Lotayou commented 5 years ago

@tsing90 I haven't got time for hand enhancements yet, but I think it's gonna be harder than face enhancement. The reasons are threefold:

  1. Under most cases, people would pay more attention to facial details than hands.
  2. Hands have more flexible movements and non-rigid deformations than heads, as human's fingers can cross and entwine in various ways.
  3. In most cases hands are placed in front of the body, and enhancing the patch with a hand could very likely alter the background body texture as well, which could lead to blocking artifacts.

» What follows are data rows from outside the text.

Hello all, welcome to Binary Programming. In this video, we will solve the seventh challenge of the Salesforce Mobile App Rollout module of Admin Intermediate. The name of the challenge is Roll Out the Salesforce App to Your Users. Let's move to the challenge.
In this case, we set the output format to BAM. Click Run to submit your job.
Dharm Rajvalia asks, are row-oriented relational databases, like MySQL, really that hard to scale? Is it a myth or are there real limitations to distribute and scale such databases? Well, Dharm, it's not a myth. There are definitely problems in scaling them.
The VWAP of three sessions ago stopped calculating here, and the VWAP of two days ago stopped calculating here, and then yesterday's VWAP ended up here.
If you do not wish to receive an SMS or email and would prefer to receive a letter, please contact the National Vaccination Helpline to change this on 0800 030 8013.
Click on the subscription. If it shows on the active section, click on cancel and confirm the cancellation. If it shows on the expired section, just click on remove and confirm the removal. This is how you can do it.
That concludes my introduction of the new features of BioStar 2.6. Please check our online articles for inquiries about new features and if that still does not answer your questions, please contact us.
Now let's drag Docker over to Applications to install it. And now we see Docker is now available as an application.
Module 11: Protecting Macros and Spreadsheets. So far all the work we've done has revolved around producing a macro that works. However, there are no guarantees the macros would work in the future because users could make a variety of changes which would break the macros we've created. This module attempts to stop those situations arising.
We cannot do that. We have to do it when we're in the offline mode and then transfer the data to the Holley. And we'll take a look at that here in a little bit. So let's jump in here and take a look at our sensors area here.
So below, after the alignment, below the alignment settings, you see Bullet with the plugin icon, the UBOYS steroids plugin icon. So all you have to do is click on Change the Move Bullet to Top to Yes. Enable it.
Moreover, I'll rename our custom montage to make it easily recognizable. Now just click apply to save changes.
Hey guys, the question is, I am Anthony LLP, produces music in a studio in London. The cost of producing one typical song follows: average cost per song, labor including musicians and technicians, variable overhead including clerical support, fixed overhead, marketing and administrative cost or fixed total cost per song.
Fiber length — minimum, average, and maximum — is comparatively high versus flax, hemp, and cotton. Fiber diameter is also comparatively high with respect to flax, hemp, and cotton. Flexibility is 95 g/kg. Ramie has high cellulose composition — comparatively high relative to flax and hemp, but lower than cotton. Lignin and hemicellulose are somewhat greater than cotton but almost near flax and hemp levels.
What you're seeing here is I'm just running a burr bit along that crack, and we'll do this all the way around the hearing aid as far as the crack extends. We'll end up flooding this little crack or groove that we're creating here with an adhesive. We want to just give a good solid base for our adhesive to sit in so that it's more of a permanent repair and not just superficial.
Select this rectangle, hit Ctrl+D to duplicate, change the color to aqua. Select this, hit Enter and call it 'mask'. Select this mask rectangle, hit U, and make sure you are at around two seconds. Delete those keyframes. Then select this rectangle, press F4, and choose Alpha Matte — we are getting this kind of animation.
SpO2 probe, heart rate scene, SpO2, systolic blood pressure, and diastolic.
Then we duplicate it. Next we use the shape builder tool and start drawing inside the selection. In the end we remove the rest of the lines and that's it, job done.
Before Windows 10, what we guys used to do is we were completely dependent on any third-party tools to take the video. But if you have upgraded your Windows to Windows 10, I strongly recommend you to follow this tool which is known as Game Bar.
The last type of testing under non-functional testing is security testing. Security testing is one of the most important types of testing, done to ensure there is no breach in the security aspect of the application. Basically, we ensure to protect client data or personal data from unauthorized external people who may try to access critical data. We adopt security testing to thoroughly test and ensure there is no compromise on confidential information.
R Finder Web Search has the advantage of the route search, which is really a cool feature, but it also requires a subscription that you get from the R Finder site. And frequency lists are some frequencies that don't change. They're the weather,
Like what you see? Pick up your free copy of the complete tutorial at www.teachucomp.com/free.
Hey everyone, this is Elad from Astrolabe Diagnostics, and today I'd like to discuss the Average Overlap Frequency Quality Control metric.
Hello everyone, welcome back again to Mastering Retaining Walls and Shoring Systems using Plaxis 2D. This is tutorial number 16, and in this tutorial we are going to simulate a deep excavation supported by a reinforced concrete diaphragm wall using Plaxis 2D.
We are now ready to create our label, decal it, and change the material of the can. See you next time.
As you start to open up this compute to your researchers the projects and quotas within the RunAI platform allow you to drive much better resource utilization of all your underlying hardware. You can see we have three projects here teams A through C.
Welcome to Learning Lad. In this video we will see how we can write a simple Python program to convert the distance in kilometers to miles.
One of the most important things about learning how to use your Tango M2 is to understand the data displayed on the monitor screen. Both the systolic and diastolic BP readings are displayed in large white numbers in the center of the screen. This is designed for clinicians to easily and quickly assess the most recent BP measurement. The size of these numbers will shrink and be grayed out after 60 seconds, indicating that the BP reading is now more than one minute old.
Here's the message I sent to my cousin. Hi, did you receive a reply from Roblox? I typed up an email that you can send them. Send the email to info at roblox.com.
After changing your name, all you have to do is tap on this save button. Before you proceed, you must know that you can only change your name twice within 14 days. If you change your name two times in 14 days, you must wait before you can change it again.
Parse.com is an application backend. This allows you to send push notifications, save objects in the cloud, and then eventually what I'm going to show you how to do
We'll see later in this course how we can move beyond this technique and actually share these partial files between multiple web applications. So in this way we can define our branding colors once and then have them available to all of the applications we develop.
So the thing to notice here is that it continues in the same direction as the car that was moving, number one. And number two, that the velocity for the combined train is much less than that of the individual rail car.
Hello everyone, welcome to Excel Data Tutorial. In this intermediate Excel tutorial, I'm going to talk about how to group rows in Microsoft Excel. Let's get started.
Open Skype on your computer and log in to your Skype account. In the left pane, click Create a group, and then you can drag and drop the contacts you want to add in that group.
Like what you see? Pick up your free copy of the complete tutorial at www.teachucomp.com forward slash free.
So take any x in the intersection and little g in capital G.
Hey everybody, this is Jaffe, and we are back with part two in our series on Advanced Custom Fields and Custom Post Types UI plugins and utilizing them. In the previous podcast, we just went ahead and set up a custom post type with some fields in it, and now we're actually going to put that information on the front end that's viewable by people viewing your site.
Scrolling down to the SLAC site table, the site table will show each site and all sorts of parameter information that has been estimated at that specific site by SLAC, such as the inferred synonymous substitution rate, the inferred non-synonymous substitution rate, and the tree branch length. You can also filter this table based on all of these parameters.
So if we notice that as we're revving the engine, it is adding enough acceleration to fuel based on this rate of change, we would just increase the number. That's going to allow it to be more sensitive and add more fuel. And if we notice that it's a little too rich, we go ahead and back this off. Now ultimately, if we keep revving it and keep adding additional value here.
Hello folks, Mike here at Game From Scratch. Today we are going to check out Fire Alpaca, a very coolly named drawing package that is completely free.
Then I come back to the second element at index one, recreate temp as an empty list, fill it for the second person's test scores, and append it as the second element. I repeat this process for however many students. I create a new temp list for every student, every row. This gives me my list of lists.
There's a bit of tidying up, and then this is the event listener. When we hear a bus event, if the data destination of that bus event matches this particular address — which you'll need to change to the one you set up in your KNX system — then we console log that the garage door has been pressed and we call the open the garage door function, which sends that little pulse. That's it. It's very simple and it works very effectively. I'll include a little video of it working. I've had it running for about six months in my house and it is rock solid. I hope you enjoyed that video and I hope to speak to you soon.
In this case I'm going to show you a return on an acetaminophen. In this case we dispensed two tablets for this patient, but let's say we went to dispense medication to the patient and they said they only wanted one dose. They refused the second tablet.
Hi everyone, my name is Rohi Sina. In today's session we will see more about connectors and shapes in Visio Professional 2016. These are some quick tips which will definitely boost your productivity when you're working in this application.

I guess it would be possible to enhance the hands of a certain person but I never tested it. Can you show me some of your results? Thanks

tsing90 commented 5 years ago

@Lotayou Thanks for your reply. I trained the video of myself, so I may prefer not to share it here. For hand enhancement, actually, I found the key problem is different from face which needs fine tuning. Even I got the keypoints of hands (20 for each hand), the keypoints are not accurate (sometimes are missing!), the model is not able to learn it in the right way during training. I'm thinking about using some tricks to make keypoints more meaningful.

Lotayou commented 5 years ago

I agree. Hands are very small objects and hand pose estimation cannot be very robust or accurate. By the way, can I just geek a peek on the hand enhancement results real quick? You don't need to expose your face:) Thx

tsing90 commented 5 years ago

Here I attached the photo of my result, and feel free to give comments if you would like to know more. [PS: I will delete this photo when you have investigated it :) ]

Lotayou commented 5 years ago

Thanks for your photo! Now I see where the real problem lies: For face enhancement when you get a blurry result, it's obviously a fake. However for hands it's kinda hard to make the same judgement since hands in the original video can be pretty messed up too. This is especially the case for training GANs since the authenticity criterion does not depend on per-frame quality anymore. I think maybe it's better to focus on enforcing the temporal consistency, maybe introducing some RNN or C3D modules. Also it's possible to use longer temporal segments, since hand regions are much smaller than the whole frame.

BTW, feel free to delete the picture anytime you want:)

tsing90 commented 5 years ago

thanks for your comments, recently I am going to try 3d poses instead of 2d for this task, which I believe more information can be learned.

Lotayou commented 5 years ago

Good luck! Keep me posted if you find anything interesting then.